Krallarını kovdular.

Yenilgiden birkaç gün sonra büyük askeri ihtilal oldu.

“Büyük Yunanistan” hayali peşinde koşan Başbakan Venizelos Yunanistan’dan kaçtı.

Yenilgiden sorumlu tutulan başkomutan ve başbakan idama, bir amiral ve bir general müebbet hapse mahkûm edildi.

Yunanlılar bu yenilgiden maddi ve manevi olarak o kadar yıkılmıştır ki, yenilginin sonuçları bugünkü Türk-Yunan ilişkilerinin kaynakları olmuştur.

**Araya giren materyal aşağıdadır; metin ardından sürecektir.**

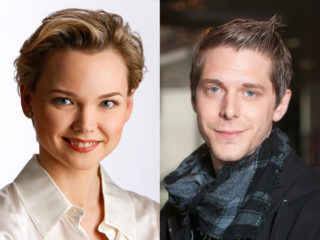 jana-haas-und-pascal-voggenhuber-im-interview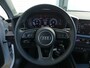 Audi A1 30 TFSI 116PK AUTOMAAT S EDITION VIRT.COCKPIT/PDC/CLIMATE/LMV18''/STOELVERW.
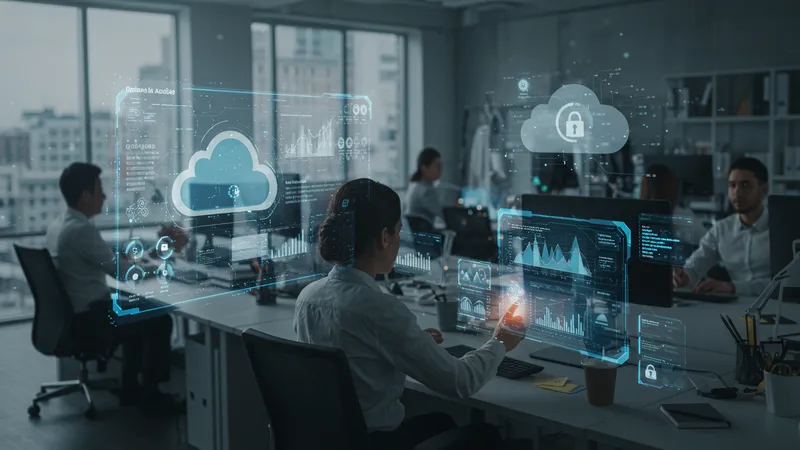 Page 12 illustration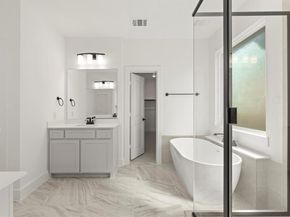 5609  Aiken Street , Celina Texas 75009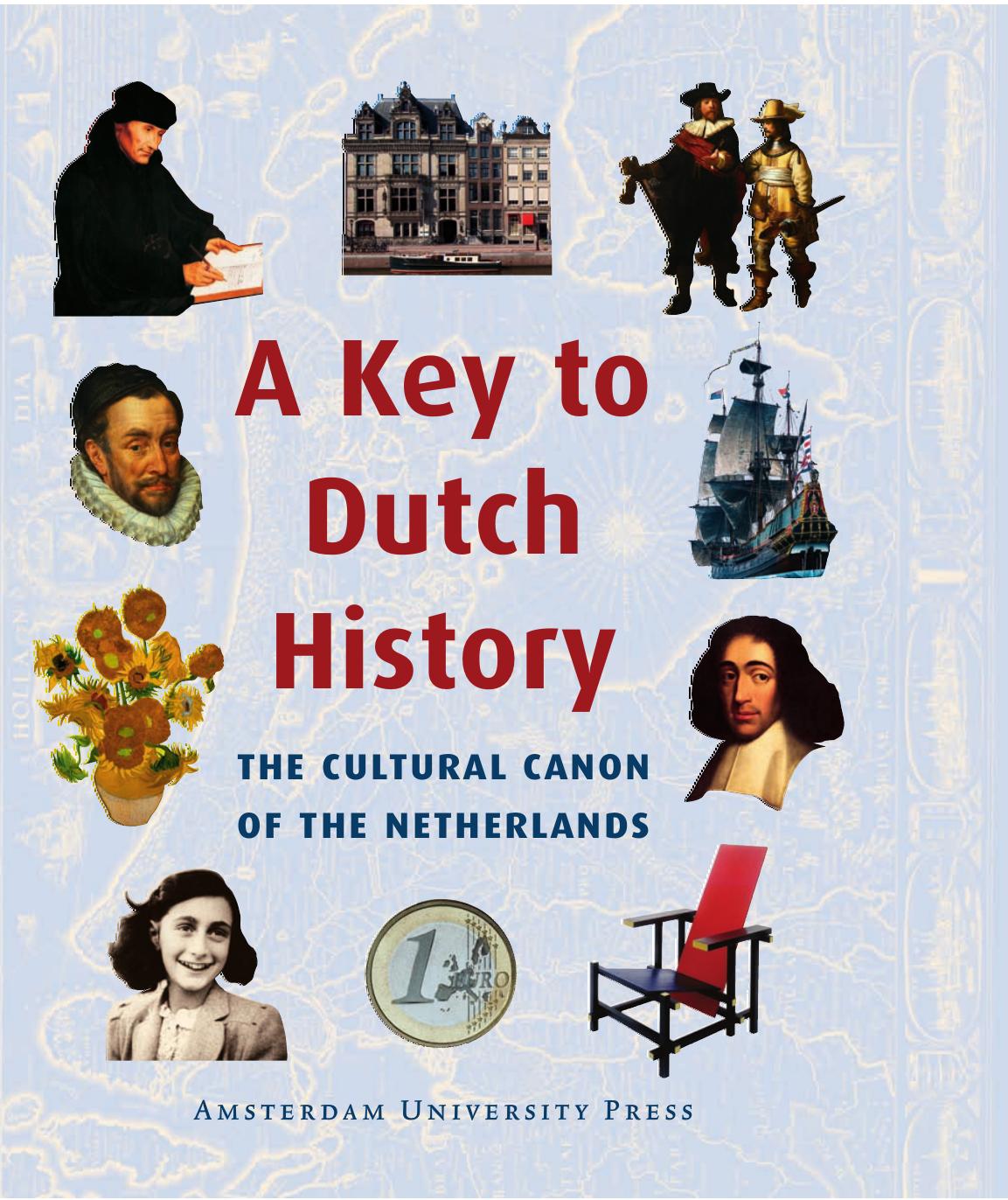 boek Canon A ENG V3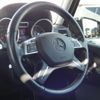 mercedes-benz g-class 2016 CFJ1792540 image 9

Atatürk, Büyük Taarruzda düşmanı yenmeyi, zaferi sadece bir araç olarak görmüştür ve zaferden sonra şöyle demiştir: “Hiçbir zafer gaye değildir. Zafer ancak kendisinden daha büyük olan bir gayeyi elde etmek için belli başlı vasıtadır.

SOSYAL SONUÇLAR

Türk milletinin “esir edilemez” bir millet olduğunu bir kez daha ispatladı.

Türk’ün, devlet kurucu, teşkilatçı, yoktan bir ordu var eden bir millet olduğunu ispatladı.

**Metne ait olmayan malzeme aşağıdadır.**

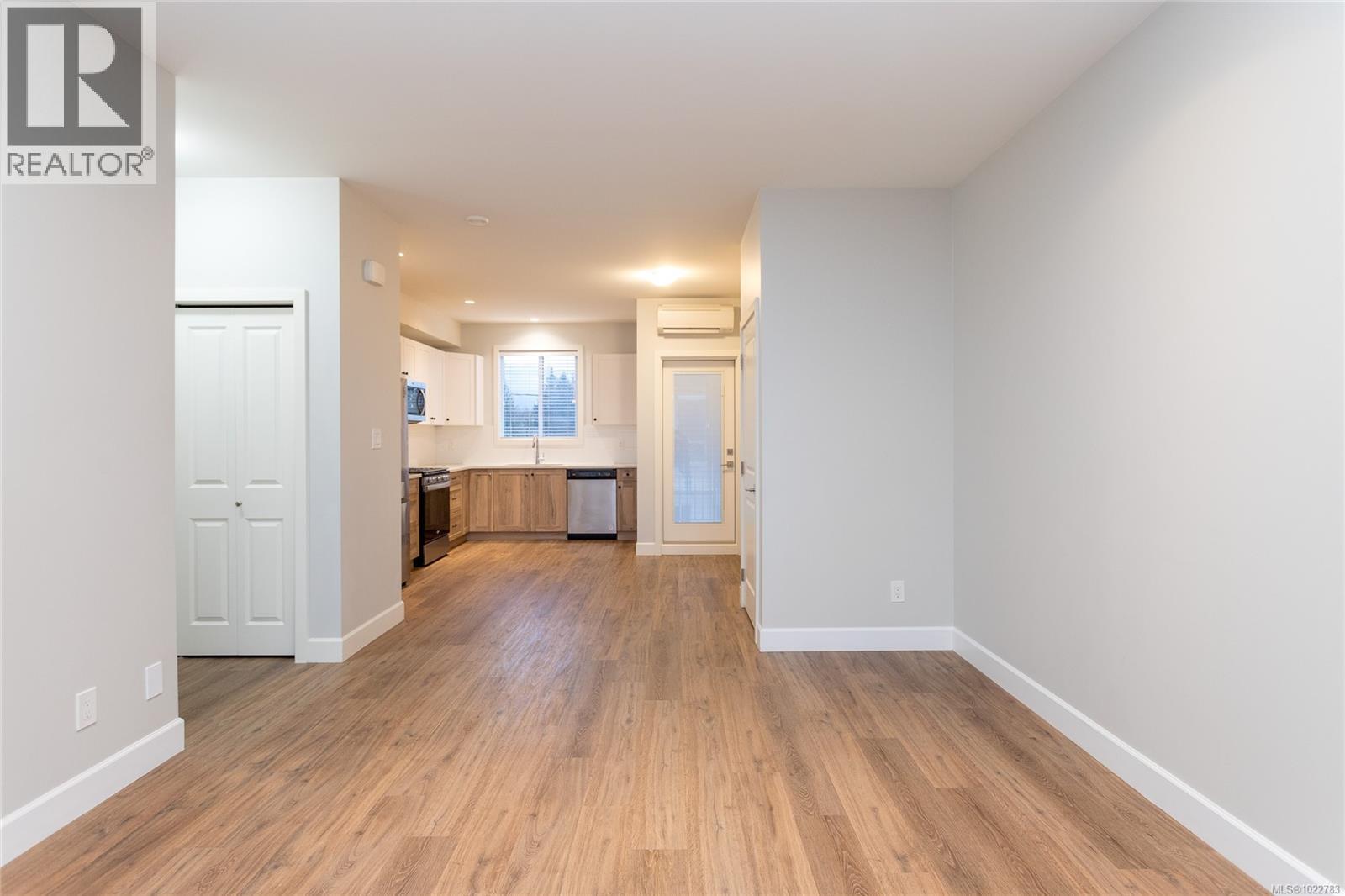 1207 3351 Luxton Road, Langford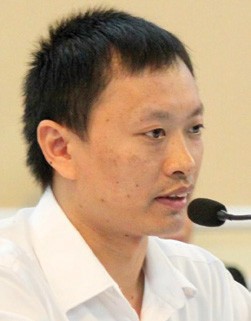 Mua nhà ở hình thành trong tương lai: Người mua nhà thông minh thôi chưa đủ ảnh 4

Türk’ün, büyük devlet adamları ve komutanlar yetiştiren “asker millet” olduğu bir kez daha gösterildi.

Bu nitelikleri ile sömürgeci devletlerin ellerinde esir olan bütün mazlum milletlere örnek oldu.

Bu zafer, Türk inkılabının temel taşı oldu ve modern Türkiye’nin doğuşunu başlattı.

(*) Tnk. Kur. Alb. Dr. İsmet GÖRGÜLÜ’nün “Büyük Taarruz” adlı eserinden alınmıştır.

Gazi Mustafa Kemal’in nutkundan taarruzla ilgili söylemi;

“Her safhasiyle düşünülmüş, ihzar, idare ve zaferle intaç edilmiş olan bu harekât, Türk ordusunun, Türk zabitan ve kumanda heyetinin, yüksek kudret ve kahramanlığını tarihte bir daha tespit eden muazzam bir eserdir.

Bu eser, Türk milletinin hürriyet ve istiklal fikrinin leyamut abidesidir. Bu eseri vücuda getiren bir milletin, bir ordunun Başkumandanı olduğumdan, ilelebet mesut’ut bahtiyarım.”